Speaking to a group of L.A. Area Chamber members last Friday, Santana said the actual numbers for the past four years and the financial projections for the next four years tell a sobering story about a budget crisis that would have unfolded even without the Great Recession. Santana points to a long-term trend line of increased expenses for personnel, programs and retiree benefits that surely and steadily increased the City’s budget obligations every year and laid the foundation for a budget deficit even when the economy was growing robustly. The budget deficit tsunami is rushing in on Mayor Villaraigosa, members of the L.A. City Council and citizens of Los Angeles, and we can no longer avoid tough cost-cutting decisions.

The City’s rising obligations were obvious the last 10 years, but a growing economy masked the threat. The City’s revenue from the general fund and special funds peaked in FY 2008-09 at $7.11 billion, which represented a 39 percent increase in revenue from five years earlier. Over the next two years, revenue declined by 5 percent to $6.75 billion in 2010-11. Santana is projecting the same level of revenue in FY 2011-12 and a budget deficit of $350 million.
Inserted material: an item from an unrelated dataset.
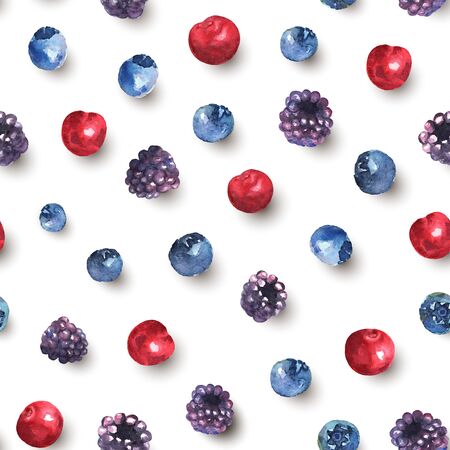 Berries seamless pattern in watercolor with shadow. Colorful background with isolated blackberries, cherries and blueberries. Natural illustration. Collection for print and cards. Vector.のイラスト素材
This $350 million number should sound familiar because it is approximately the same amount as the budget deficit that the mayor and City Council started with in the spring of 2008, 2009 and 2010.

Santana will be offering Mayor Villaraigosa and City Council a set of options to close the $350 million budget deficit for 2011-12 that include: 1. Reducing the programs and services which the City provides to a set of core services 2. Reducing the number of City employees or increasing the number of furlough days3. Reforming pension and health care benefits for retirees 4. Contracting out for some core City services to reduce the City’s long-term liability for pensions and health care for future retirees.

The Chamber appreciates the transparent analysis that Santana is providing to elected officials and the taxpayers of Los Angeles. The votes in City Council this spring will determine whether this budget deficit discussion ends up being heavy drama or a horror movie with continuing sequels in future years.